SMART Train, Foolish Board
November 14, 2011 Leave a comment
It seems so simple: sell the public on a transit system and keep them from turning against it. It’s been done before in countless projects across the country, from Norfolk, VA’s Tide light rail to Los Angeles’ 30/10 plan. Even in Marin, the SMART plan was approved by 70% of the population. Yet whatever political savvy the SMART Board possessed seems to have evaporated with success, leading to a drumbeat of bad news and setbacks compounded by the Board’s bumbling responses. Now, a repeal push threatens the entire project.
That effort, spearheaded by a grassroots organization under the name RepealSMART, is gathering signatures for a measure to repeal the ¼ cent sales tax that is funding the train. Despite their name, the organizers say they don’t want to repeal the project but rather want to give voters a chance to vote on the current business plan. This is ridiculous on its face, as the name of the organization calls for repeal and its website is explicitly hostile to the idea of rail transit.

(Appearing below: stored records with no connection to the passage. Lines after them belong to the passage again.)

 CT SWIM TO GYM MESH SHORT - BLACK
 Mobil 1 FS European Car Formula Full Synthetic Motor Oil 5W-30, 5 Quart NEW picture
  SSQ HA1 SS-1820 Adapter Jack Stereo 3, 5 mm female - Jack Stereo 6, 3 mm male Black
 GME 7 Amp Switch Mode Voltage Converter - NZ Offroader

Yet rather than publicly treating RepealSMART as a distraction and quietly buffing its own image, the SMART Board declared all-out war. In defiance of the Secretary of State, the Board declared itself the governing electoral body of the repeal effort. This arrogance elevated RepealSMART to the level of a large, organized resistance when, in actual fact, it was not. It perfectly plays into opponents’ narratives, and the Board looks like the bad guy while opponents look like the scrappy underdogs.
This is only the most recent bit of political blindness on the Board’s part. Since the collapse of funding in 2008, the Board has issued three Initial Operating Segment plans without any public input that damaged their reputation; forced out their General Manager; hired a new General Manager who, while perfectly capable, has no rail experience; and awarded this GM far more than the originally offered salary.
It is shocking that a board consisting of elected local politicians can have such poor political sense, and it is infuriating to me and other supporters that this trend shows no sign of stopping. The repeal effort would not be nearly as strong as it is if the Board had behaved with public perception in mind when facing the project’s challenges.
The Board’s political incompetence threatens to bury the rail project despite its vital importance to the North Bay. SMART needs to be saved from itself, but there is little sign the Board even realizes it.